I chose this experiment because it examines how prior lexical knowledge influences vocabulary acquisition under incidental learning conditions, which aligns closely with my research interests in language learning and memory integration. Most models of word learning emphasize explicit instruction, yet the majority of real-world vocabulary acquisition occurs incidentally through narrative and social contexts. I am particularly interested in how prior knowledge interacts with consolidation processes to shape long-term lexical representations—a question that sits at the intersection of language acquisition and memory systems research. Replicating this experiment offers an opportunity to examine whether the memory and language mechanisms observed in controlled learning settings extend to more naturalistic, story-based contexts that mirror how vocabulary is acquired in everyday life.

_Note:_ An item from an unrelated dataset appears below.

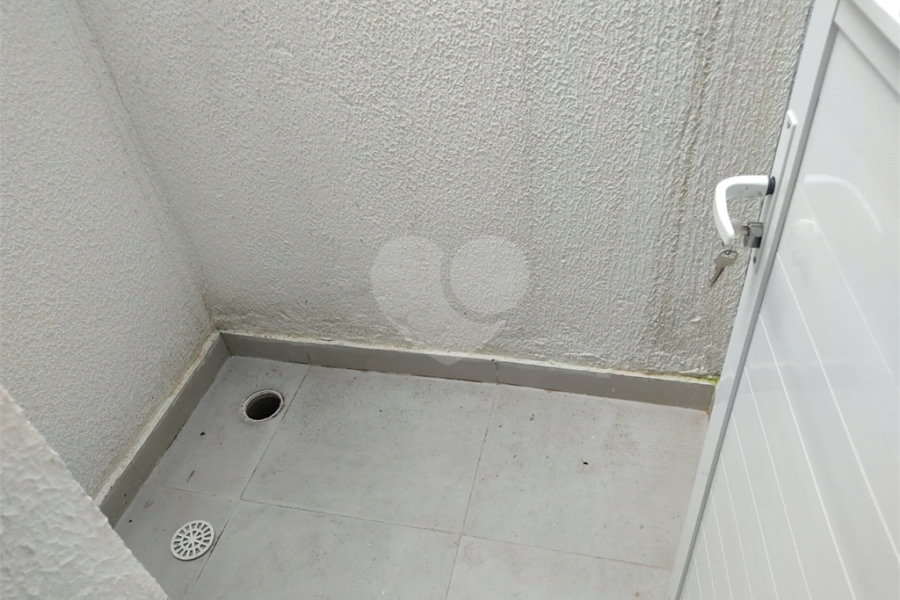 Casa à venda com 2 quartos no condomínio Maria, São Paulo - SP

Description of Stimuli, Procedures, and Anticipated Challenges
The experiment presents 15 bisyllabic pseudowords embedded within an illustrated, spoken story (“Trouble at the Intergalactic Zoo”). Each pseudoword belongs to one of three phonological neighborhood conditions:
- No neighbors (e.g., femod)
- One neighbor (e.g., tabric ↔︎ fabric)
- Many neighbors (e.g., dester ↔︎ duster, pester)

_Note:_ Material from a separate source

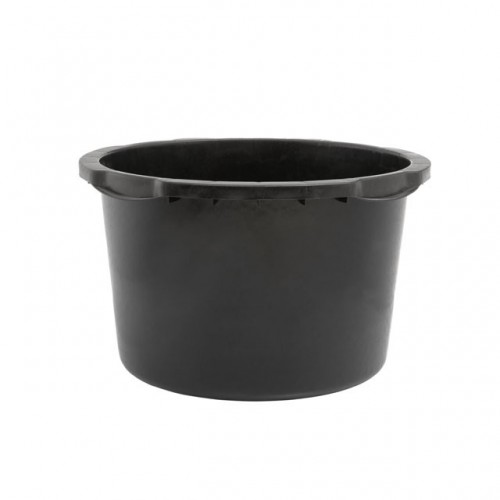 Таз будівельний круглий 45 л. INTERTOOL (KT-0045)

Each pseudoword appears five times across the narrative. The story is paired with 15 corresponding cartoon scenes, each containing multiple pseudoword referents to maintain narrative coherence while preventing explicit word–object pairing. This design ensures incidental exposure rather than deliberate memorization.
Participants listen to the 7-minute story while viewing illustrations, then complete three types of memory tests:
Stem completion – recall of word-forms from initial CV cues
Form recognition – distinguishing target pseudowords from minimal phonological foils
Form–picture recognition – mapping pseudowords to their illustrated referents
Each test is administered immediately after learning and the next day to assess consolidation effects.
Challenges in Replication
Stimulus control: Ensuring balanced pseudoword properties (phoneme/letter length, bigram probability, neighborhood frequency) and matching the auditory timing of exposures. (Would like to figure out how to check this)
Incidental exposure fidelity: Participants must attend to the story without adopting explicit memorization strategies, especially in adult online samples.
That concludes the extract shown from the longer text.